On Sep 11, 2014, at 5:23 PM, Gilles Gouaillardet 
<gilles.gouaillar...@iferc.org> wrote:

> Ralph,
> 
> you are right, this was definetly not the right fix (at least with 4
> nodes or more)
> 
> i finally understood what is going wrong here :
> to make it simple, the allgather recursive doubling algo is not
> implemented with
> MPI_Recv(...,peer,...) like functions but with
> MPI_Recv(...,MPI_ANY_SOURCE,...) like functions
> and that makes things slightly more complicated :
> right now :
> - with two nodes : if node 1 is late, it gets stuck in the allgather
> - with four nodes : if node 0 is first, then node 2 and 3 while node 1
> is still late, then node 0
> will likely leaves the allgather though it did not receive anything
> from  node 1
> - and so on
> 
> i think i can fix that from now
> 
> Cheers,
> 
> Gilles
> 
> On 2014/09/11 23:47, Ralph Castain wrote:
>> Yeah, that's not the right fix, I'm afraid. I've made the direct component 
>> the default again until I have time to dig into this deeper.
>> 
>> On Sep 11, 2014, at 4:02 AM, Gilles Gouaillardet 
>> <gilles.gouaillar...@iferc.org> wrote:
>> 
>>> Ralph,
>>> 
>>> the root cause is when the second orted/mpirun runs rcd_finalize_coll,
>>> it does not invoke pmix_server_release
>>> because allgather_stub was not previously invoked since the the fence
>>> was not yet entered.
>>> /* in rcd_finalize_coll, coll->cbfunc is NULL */
>>> 
>>> the attached patch is likely not the right fix, it was very lightly
>>> tested, but so far, it works for me ...
>>> 
>>> Cheers,
>>> 
>>> Gilles
>>> 
>>> On 2014/09/11 16:11, Gilles Gouaillardet wrote:
>>>> Ralph,
>>>> 
>>>> things got worst indeed :-(
>>>> 
>>>> now a simple hello world involving two hosts hang in mpi_init.
>>>> there is still a race condition : if a tasks a call fence long after task 
>>>> b,
>>>> then task b will never leave the fence
>>>> 
>>>> i ll try to debug this ...
>>>> 
>>>> Cheers,
>>>> 
>>>> Gilles
>>>> 
>>>> On 2014/09/11 2:36, Ralph Castain wrote:
>>>>> I think I now have this fixed - let me know what you see.
>>>>> 
>>>>> 
>>>>> On Sep 9, 2014, at 6:15 AM, Ralph Castain <r...@open-mpi.org> wrote:
>>>>> 
>>>>>> Yeah, that's not the correct fix.
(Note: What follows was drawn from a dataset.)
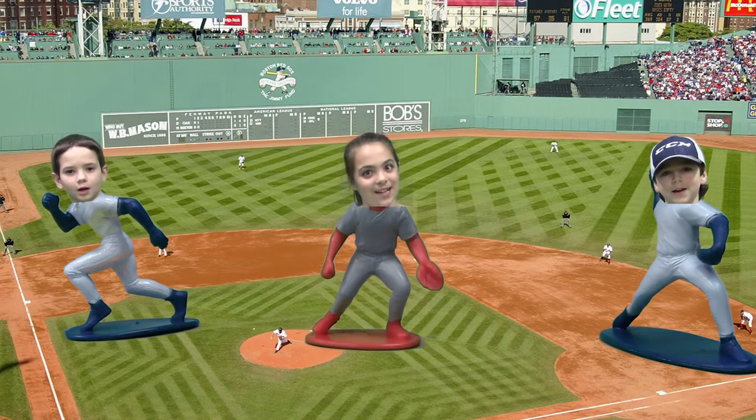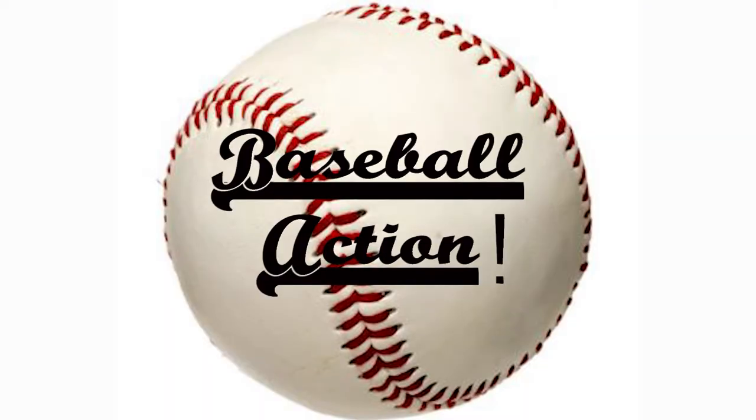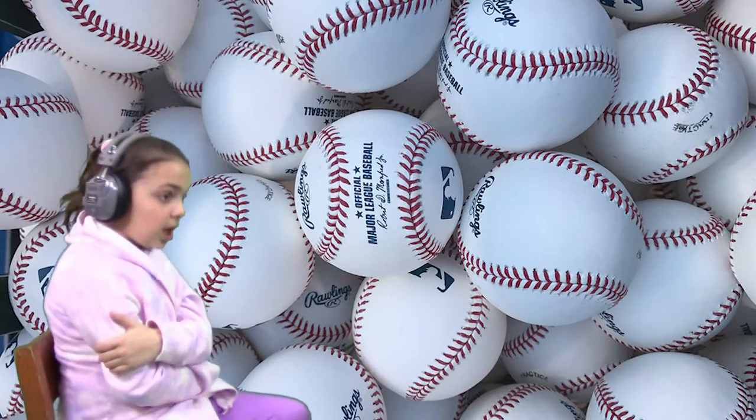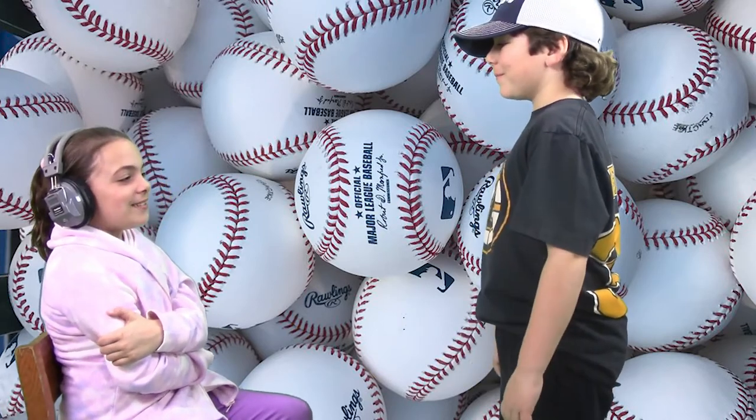We are Baseball Action! Hey Ava! Hey Jack! What are we doing? Well, you'll be estimating how many Baseball Action figures are in the bucket.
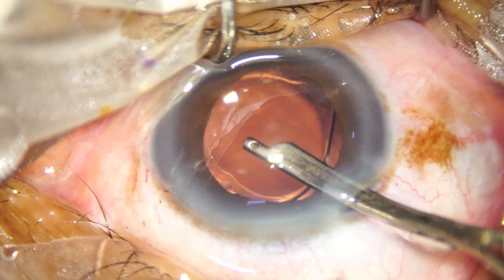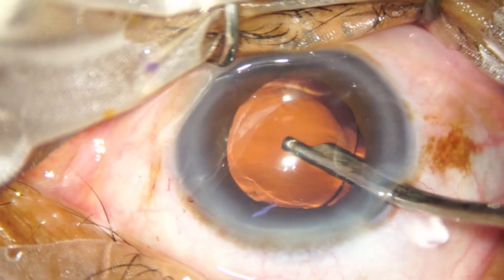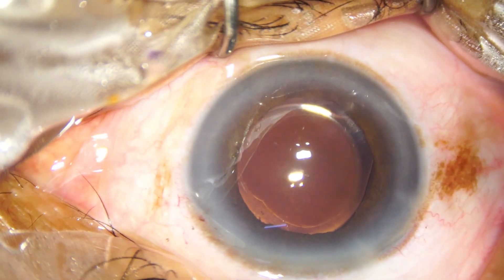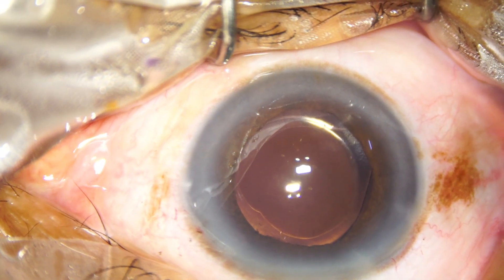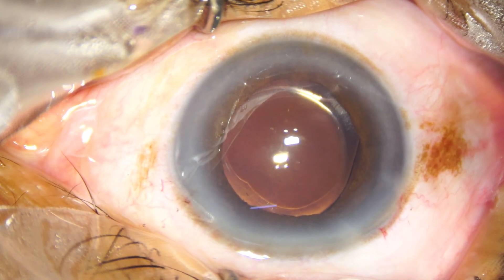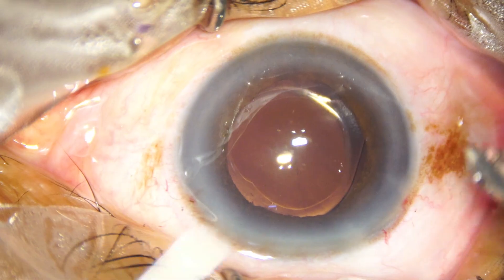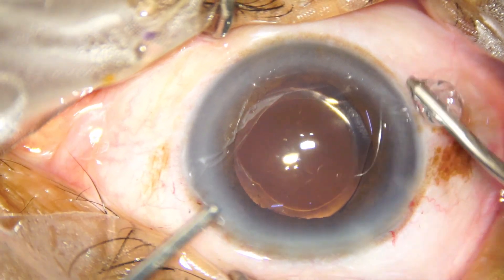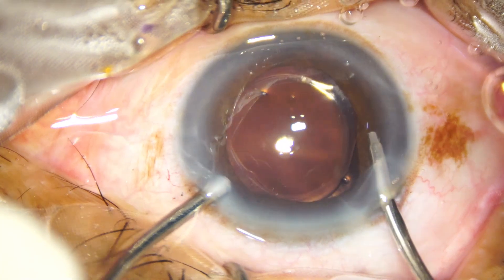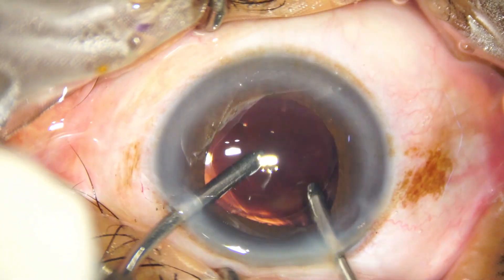So, I go behind the IOL both with Simcoe as well as with irrigation-aspiration cannula. Here goes the bimanual irrigation-aspiration — irrigation goes through the main port, aspiration through the side port.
The right way to fix it is for all 
>>>>>> three components to have their own RML tag, and for each of them to 
>>>>>> establish a persistent receive. They then can use the signature to tell 
>>>>>> which collective the incoming message belongs to.
>>>>>> 
>>>>>> I'll fix it, but it won't be until tomorrow I'm afraid as today is shot.
>>>>>> 
>>>>>> 
>>>>>> On Sep 9, 2014, at 3:10 AM, Gilles Gouaillardet 
>>>>>> <gilles.gouaillar...@iferc.org> wrote:
>>>>>> 
>>>>>>> Folks,
>>>>>>> 
>>>>>>> Since r32672 (trunk), grpcomm/rcd is the default module.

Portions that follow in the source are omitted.